Canvassing opinion this morning on Twitter and Facebook, it seems that there are several rather distinct schools of thought. Some parents are happy for sick kids to snuggle up in front of the TV under a duvet when they’re off school. Others, like me, are more in the ‘cruel to be kind’ camp, believing that if a child is ill enough to stay home from school they should be in bed, being as bored as possible. Boyfriend, who is slightly more extreme in his views, would just send her in with a plastic bowl and a packet of Tunes, but I’m a little bit too soft for this – partly just because I’m lazy, and partly because I don’t want to be That Mum – the one who sends a child in with their leg falling off just so she can get some peace and quiet at home.
I’ve probably been influenced as well by own experiences as a child. My Mum, and I’m sure she would be the first to admit this, has never been a fan of tough love. At the first sign of a quivering lip she’d have you on the sofa watching Richard & Judy. Sneeze in her presence and you’d be whisked off to the doctors, have been told to drink plenty of fluids, and be in the chemist buying a sugar-free lollipop before you could get your hanky out. I was off school a lot as a child, and have fond memories of being sat under a duvet with a bowl of tomato soup sprinkled with grated cheese.
That’s the problem though isn’t it? I don’t especially want Belle to think fondly of her time off school, otherwise where is the incentive for her to get better? By making a day off as dull as possible, the hope is that her bout of ‘feeling sick’ will be over as quickly as possible. What do you reckon – is this mean or just practical for a working mum?

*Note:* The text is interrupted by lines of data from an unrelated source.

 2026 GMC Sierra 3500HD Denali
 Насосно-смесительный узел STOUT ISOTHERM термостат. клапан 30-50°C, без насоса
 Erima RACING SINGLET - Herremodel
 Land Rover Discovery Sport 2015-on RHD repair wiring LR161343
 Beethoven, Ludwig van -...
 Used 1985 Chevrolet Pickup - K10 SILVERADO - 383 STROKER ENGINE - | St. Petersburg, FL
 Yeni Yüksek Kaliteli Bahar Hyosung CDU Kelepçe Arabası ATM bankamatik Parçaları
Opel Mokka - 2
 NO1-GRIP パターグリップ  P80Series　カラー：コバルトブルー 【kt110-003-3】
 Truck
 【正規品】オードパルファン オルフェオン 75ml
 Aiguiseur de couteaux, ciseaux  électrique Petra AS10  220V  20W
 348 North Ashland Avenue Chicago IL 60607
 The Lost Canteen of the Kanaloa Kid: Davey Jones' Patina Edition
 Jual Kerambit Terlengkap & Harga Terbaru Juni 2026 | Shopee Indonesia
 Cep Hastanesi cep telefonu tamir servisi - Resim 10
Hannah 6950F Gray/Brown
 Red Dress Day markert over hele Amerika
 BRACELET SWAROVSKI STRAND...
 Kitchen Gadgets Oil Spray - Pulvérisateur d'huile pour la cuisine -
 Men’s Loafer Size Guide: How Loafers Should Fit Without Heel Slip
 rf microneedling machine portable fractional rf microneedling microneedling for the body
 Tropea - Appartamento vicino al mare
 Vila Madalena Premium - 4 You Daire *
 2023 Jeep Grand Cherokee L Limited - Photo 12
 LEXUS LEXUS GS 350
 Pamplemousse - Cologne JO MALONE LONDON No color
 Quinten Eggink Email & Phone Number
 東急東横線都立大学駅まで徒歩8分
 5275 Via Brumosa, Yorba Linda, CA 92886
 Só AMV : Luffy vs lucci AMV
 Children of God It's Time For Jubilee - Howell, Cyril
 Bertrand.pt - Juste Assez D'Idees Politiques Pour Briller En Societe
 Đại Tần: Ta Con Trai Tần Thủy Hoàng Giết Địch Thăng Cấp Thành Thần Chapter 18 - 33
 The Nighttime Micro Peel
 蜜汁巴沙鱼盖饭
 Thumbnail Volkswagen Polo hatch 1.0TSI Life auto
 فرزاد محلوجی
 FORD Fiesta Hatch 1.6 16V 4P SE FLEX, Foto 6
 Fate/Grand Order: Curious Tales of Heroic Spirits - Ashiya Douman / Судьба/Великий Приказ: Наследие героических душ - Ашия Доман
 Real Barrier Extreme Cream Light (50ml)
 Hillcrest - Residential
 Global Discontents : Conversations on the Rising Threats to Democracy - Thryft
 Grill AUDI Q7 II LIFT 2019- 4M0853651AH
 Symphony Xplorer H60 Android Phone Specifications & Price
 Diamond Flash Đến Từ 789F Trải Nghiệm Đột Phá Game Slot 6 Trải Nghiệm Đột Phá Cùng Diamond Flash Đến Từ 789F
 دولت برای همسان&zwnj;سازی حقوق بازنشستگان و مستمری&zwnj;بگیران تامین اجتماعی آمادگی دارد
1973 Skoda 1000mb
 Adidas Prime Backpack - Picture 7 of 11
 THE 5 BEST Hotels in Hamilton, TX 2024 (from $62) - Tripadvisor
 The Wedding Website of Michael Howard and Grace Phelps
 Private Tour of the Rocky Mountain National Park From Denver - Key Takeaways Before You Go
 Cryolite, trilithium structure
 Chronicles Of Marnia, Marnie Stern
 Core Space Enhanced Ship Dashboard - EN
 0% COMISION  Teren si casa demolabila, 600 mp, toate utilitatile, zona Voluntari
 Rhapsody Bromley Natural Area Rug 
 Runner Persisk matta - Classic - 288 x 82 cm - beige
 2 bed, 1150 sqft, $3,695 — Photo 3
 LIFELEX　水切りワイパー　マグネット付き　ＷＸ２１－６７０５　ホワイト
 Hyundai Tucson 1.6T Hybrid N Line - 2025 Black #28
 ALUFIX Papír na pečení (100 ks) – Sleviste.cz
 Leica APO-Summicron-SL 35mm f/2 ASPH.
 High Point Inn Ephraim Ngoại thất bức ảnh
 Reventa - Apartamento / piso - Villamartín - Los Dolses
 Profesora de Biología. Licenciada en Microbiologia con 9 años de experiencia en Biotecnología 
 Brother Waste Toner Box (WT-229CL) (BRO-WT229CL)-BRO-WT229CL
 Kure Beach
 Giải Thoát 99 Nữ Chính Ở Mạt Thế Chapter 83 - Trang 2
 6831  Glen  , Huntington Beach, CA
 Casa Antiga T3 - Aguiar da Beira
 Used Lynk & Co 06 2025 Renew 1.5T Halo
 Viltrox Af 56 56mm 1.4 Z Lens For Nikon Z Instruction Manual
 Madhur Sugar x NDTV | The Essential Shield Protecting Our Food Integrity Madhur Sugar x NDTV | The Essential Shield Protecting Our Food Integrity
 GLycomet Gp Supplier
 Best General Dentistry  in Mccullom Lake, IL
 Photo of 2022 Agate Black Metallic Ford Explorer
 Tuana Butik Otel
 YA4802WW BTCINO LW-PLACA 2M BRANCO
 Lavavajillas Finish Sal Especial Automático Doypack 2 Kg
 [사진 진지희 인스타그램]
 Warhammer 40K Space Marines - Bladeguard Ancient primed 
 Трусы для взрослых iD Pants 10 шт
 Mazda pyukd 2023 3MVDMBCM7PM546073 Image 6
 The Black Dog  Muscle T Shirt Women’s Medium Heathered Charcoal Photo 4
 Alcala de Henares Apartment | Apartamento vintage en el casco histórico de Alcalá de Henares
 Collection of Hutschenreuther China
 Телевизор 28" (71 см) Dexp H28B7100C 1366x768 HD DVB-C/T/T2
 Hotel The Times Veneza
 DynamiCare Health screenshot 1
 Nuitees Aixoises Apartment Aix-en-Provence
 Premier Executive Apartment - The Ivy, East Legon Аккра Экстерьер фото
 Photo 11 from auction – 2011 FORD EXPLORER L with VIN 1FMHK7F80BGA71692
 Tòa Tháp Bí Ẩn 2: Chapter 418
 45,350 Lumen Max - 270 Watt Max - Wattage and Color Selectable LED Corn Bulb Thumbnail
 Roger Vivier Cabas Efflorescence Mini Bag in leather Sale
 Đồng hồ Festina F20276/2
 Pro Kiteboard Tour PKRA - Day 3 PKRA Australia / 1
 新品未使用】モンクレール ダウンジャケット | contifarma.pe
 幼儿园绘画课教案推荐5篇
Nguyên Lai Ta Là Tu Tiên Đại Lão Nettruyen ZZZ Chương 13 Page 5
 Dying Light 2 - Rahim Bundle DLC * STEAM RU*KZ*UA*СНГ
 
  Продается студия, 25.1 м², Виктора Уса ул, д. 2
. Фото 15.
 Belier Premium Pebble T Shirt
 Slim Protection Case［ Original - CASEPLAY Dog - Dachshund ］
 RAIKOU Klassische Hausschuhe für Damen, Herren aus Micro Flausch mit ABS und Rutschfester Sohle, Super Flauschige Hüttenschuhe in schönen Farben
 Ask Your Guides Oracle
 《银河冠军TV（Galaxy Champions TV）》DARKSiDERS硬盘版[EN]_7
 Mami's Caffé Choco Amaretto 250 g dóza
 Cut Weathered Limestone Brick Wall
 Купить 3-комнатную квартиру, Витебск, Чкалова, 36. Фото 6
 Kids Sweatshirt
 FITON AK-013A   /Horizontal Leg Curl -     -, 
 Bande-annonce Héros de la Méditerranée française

Before finishing this, I thought I should go up and check on her. In desperation she has finished her maths homework and is learning her spellings. “How are you feeling?” I ask her.
“Fine,” she says, without thinking, and quickly corrects herself. “Well not fine of course. I feel a bit better, just not 100%”
Sounds like she is on the mend to me. It’s amazing what a good dose of boredom can do.